If this is going to work, and partly to distinguish the efforts here, the goal is to make things as consistent as possible for users. Always worried about an xkcd-927 type situation.
Exploring justification, ideally all data providers would adopt a consistent approach to their APIs or data portals. Totally unrealistic. The next best thing would be consistent wrappers. Wrappers are easier to implement and do not require organizations to agree on a standard API style. Wrappers are nimble. The next decade will undoubtedly see upheaval as orgs modernize, so perhaps wrappers are best suited to quickly bring about a more harmonious experience working with data from different sources.
In parallel while working on tidyusafec, I think developing a well defined wrapper style guide would be beneficial. Definitely a bit ambitious, but let folks buy in naturally if this is truly the best approach (it would help if I actually succeed at writing software and demonstrate the potential utility).
If source APIs are targeted at a wide range of developers wanting mostly hierarchical data, wrappers should be meant to give similar scaling ability to analysts who want mostly relational data. My working proposals for a wrapper standard:
Going to focus on development for a while, will revisit.
As the FEC uses the data.gov network API key, it might make sense to have a place to air thoughts on a hypothetical organization structure for a larger ecosystem of data access packages. As R and the tidy approach are international, can lump in thoughts about namespace here too.
Motivation for this is every class I ever had about about navigating government data portals instead of going into documentation and limitations. This will not stand man.

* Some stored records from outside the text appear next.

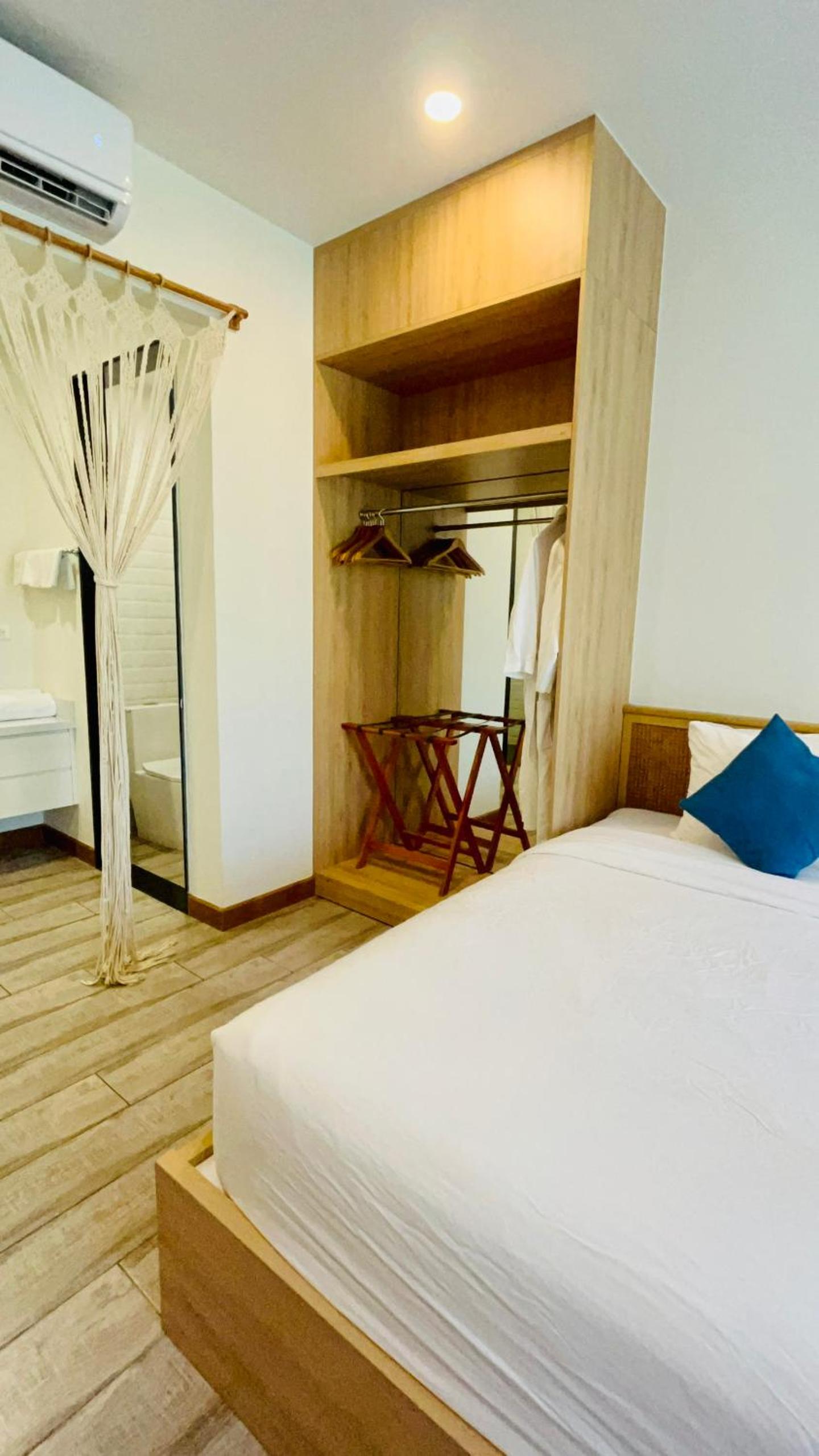 Three-Bedroom Villa photo 3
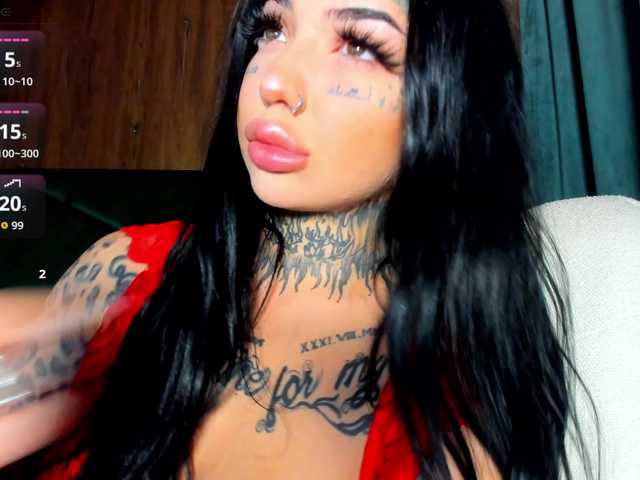 CreamyInk live webcam show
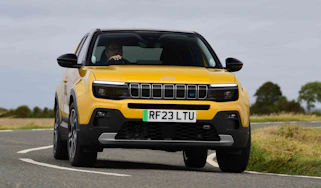 Jeep Avenger Summit – front cornering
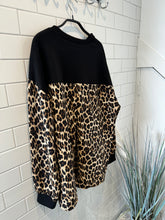 Load image into Gallery viewer, SAINT Leopard Sweatshirt - Black
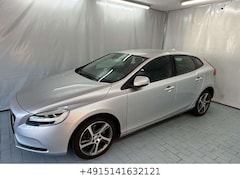 Bild des Angebotes Volvo V40 Momentum/KAMERA/SITZHEIZUNG/NAVI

If tidygov were to come into existence, it should be international. tidy[country-abbreviation][org-abbreviation] should be the naming convention. So this would be 'tidyusafec'. tidycensus might become 'tidyusacensus'. cancensus might become 'tidycancensus'.
The burden of navigating between packages in the hypothetical tidygov universe should be minimized. The problems we want to solve are aligned with the general tidyverse: the difficulty of retrieving data is too high, the difficulty of wrangling data is too high, and the difficulty of replicating analysis strategies across time/geography/topics is too high.
This is all way out of scope for tidyfec, except for maybe renaming it tidyusafec. Just the best place to record thoughts for now.